- Sonepur
- Sonepur Location in Odisha, India Sonepur Sonepur (India)
- Coordinates: 20°50′N 83°55′E﻿ / ﻿20.83°N 83.92°E
- Country: India
- State: Odisha
- District: Subarnapur
- Elevation: 121 m (397 ft)

Population (2001)
- • Total: 17,535

Languages
- • Official: Odia
- • Spoken: Sambalpuri
- Time zone: UTC+5:30 (IST)
- PIN: 767017
- Telephone code: 06654
- Vehicle registration: OD-31
- Website: odisha.gov.in subarnapur.nic.in

= Subarnapur, Odisha =

Sonepur, also known as Subarnapur, is a town and district headquarters of Subarnapur district of Odisha in India. The district spreads over an area of 2284 km^{2}. It is also known as Second Varanasi of India for its cluster of temples having architectural importance and also of tantricism and second Allahabad for the Meeting Point (Sangam) of two rivers Mahanadi and Tel in place just like in Allahabad.

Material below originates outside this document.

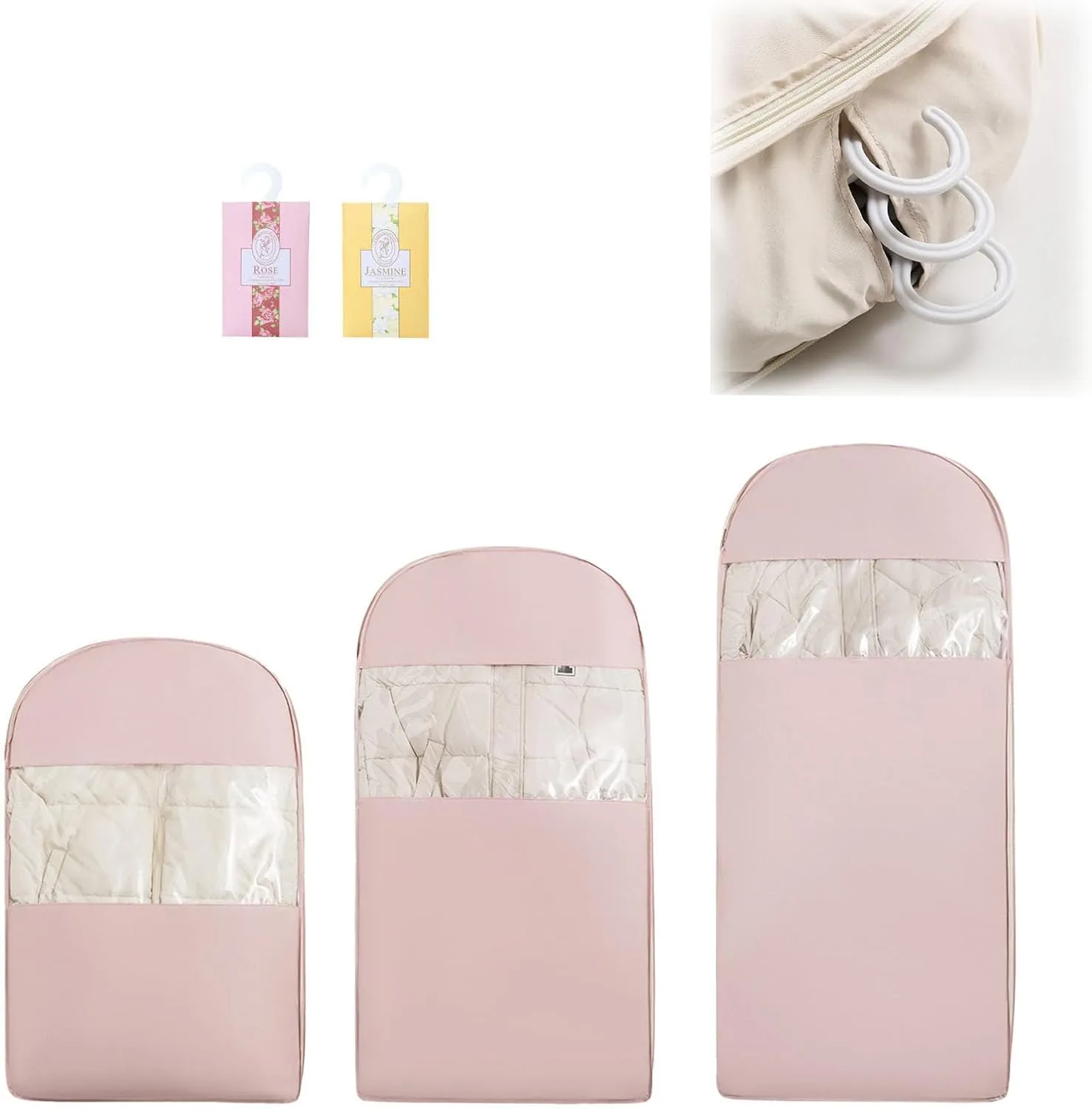 Space Saving Hanging Garment Bag with Self Compression Zipper, Hanging Garment Bag with Self Compression Zipper, 2025 New Ultra Ideal for Closet Storage, Travel, Coats, and Suits (pink, L)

Subarnapur is also famous for silk, handloom, prawns, terracotta etc.

==History==
Sonepur was formerly the capital of Sonepur State, a princely state of British India.

==Demographics==
As of 2001 India census, Sonepur town had a population of 17,535. Males constitute 53% of the population and females 47%. Sonepur has an average literacy rate of 74%, higher than the national average of 59.5%: male literacy is 82%, and female literacy is 65%. In Sonepur, 11% of the population is under 6 years of age.

==Education==

- Sonepur College, Sonepur

==Temples of Sonepur==

- Kosaleswara temple
- Lankeswari Temple
- Manikeswari temple
- Narayani Temple
- Ramachandi Temple
- Samleswari Temple
- Subarnameru Temple
- Sureswari temple

==Notable people==

- Kailash Chandra Meher, painter, awarded Padma Shri by Govt. of India.

==Sari==
- Sonepuri Sari

==Politics==
Current MLA from Sonepur (SC) Assembly Constituency is Niranjan Pujari of BJD, who won the seat in State elections in 2014. Previous MLAs from this seat were Binod Patra of INC, who won the seat in 2004, Kunduru Kushal who won this seat representing BJD in 2000, representing JD in 1995 and in 1990, Achyuta Biswal of INC in 1985, Dhaneswar Kumbhar of INC(I) in 1980, and Debraj Seth of JNP in 1977.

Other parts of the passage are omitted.